A partir das 6 horas de segunda-feira (14 horas em Portugal), vai ver-se quem ganha a batalha, se "a cabra montês", como lhe chama Harvey, se o "dragão interior" do americano que anda a treinar há meses. Paulo Pires, treinador, de Sá, corrige Harvey: "O Carlos é um leão, boa sorte". O próprio admite que é "difícil". Mas promete "dar o melhor".
"Ando em busca dos meus limites, felizmente ainda não os encontrei"
Desafios são coisa que não faltam ao ultramaratonista, que tem já a 29 de agosto a grande prova de fogo para a qual espera conseguir recuperar. Carlos Sá já esteve três vezes nos 168 km do Monte Branco, prova rainha da modalidade de trail running e que sujeita os atletas a um desnível de perto de dez mil metros. Arrecadou um 5.º lugar, um 4.º e uma desistência. Está-lhe assim como que atravessado. "Há 30 atletas que podem, qualquer um deles, ficar nos três primeiros. Eu estou entre eles".
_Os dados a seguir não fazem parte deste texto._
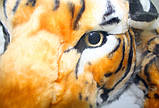 Плюшевий рюкзак 3D з головою тигра RESTEQ (великий), фото 6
Depois dos Alpes, o português andará um mês atarefado na organização do Grande Trail da Serra de Arga (27 e 28 de setembro), que, admite, "é um bocado desgastante". Passados dois dias, arrancará para uma estreia. A Jungle Marathon está na lista das provas mais difíceis do mundo e junta um grupo restrito de destemidos na Amazónia brasileira, para uma corrida de 254 km que parte dia 5 de outubro para seis etapas através da selva.
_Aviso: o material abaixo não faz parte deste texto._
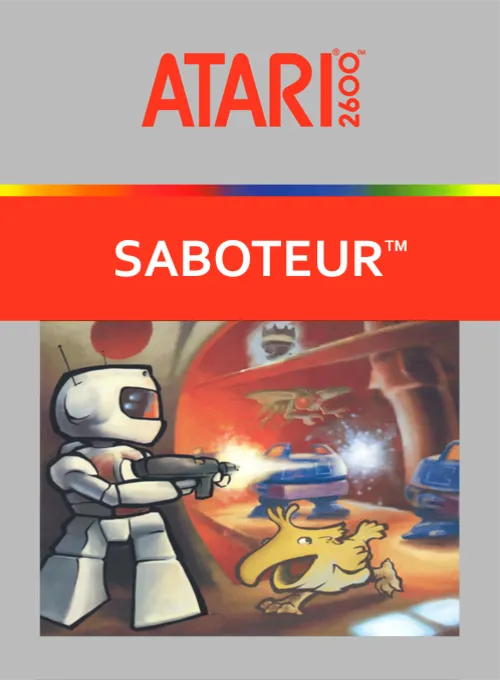 Saboteur box art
"É daqueles desafios que encaro bem e acho que posso ter um bom desempenho", diz Carlos Sá, que teve uma experiência parecida em fevereiro, no Coastal Challenge da Costa Rica. O problema não será a distância, mas as condições da prova: terá de se adaptar a temperaturas acima de 40 graus e a uma humidade muito próxima dos 100%. "Este ano é o décimo aniversário da prova. Convidaram-me". Aceitou. Porque, como diz Carlos Sá no perfil da sua página: "Ando em busca dos meus limites, felizmente ainda não os encontrei".